Travelers whisper that the surface is abandoned, haunted by barbarian raptors who scrape their existence among toppled serpent-temples, while the serpent race themselves are remembered only in glyphs half-erased. But those who linger, those who trade in secrets, those who let the undercurrents of Drael seep into their bones—they know the truth. Drael is not dead. Drael is inverted. What the eye sees is bait. The true continent lies beneath. Subterranean kingdoms, vaults bigger than surface cities, crystalline towers that glow with false suns, citadels suspended in black chasms where gravity is a suggestion and sorcery is law. The serpent race never ceded this land. They merely turned it inside out, and what remains above is their camouflage, their petri dish, their theater of cruelty.
Upon that theater stride the scaled barbarian lords, the visible rulers of Drael’s ruin. To outsiders they are savages—primal, blood-maddened, half-beasts without subtlety.
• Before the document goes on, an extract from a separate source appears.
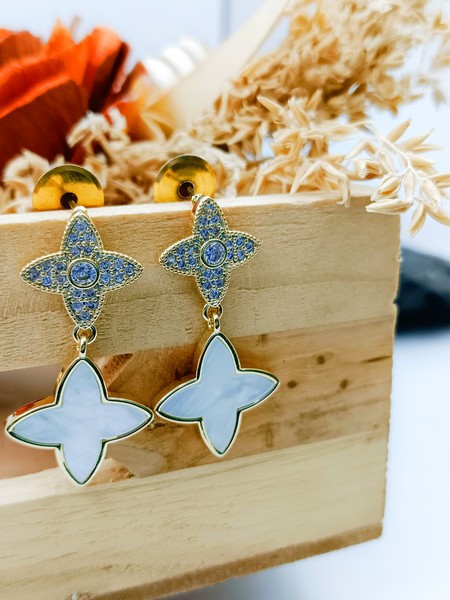 City Girl Cz Stone Stainless Steel Anti Tarnish Western Golden Earring.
But in truth they are pawns wearing crowns, permitted their savageries by the hidden serpents because their wars serve as harvests, their conquests supply captives, their roaring thrones draw attention away from the true citadels that lie deeper still. Among them the dynoc tribes are most feared, larger kin of the dynonychus, who paint themselves in blood and feathers and wield jagged scythes as extensions of their talons. The velocian packs are leaner, quicker, assassins with slit eyes and laughter sharp as their teeth. The spinosaurs tower above swamplands, dragging rafts bristling with bone-spears, their jaws hung with fetishes of drowned prey. And scattered among them, always aloof, are the remnant dragonkind—some bowed into alliance, others hunted, all diminished, yet carrying a majesty that can still unmake an army when it rouses. Together they form the surface thrones, savage yet strangely disciplined, all “gifted” with the ruins in which they dwell. Gifted, yes, for the serpent race long ago discovered that the surest way to rule is to let another carry your chains and call them crowns.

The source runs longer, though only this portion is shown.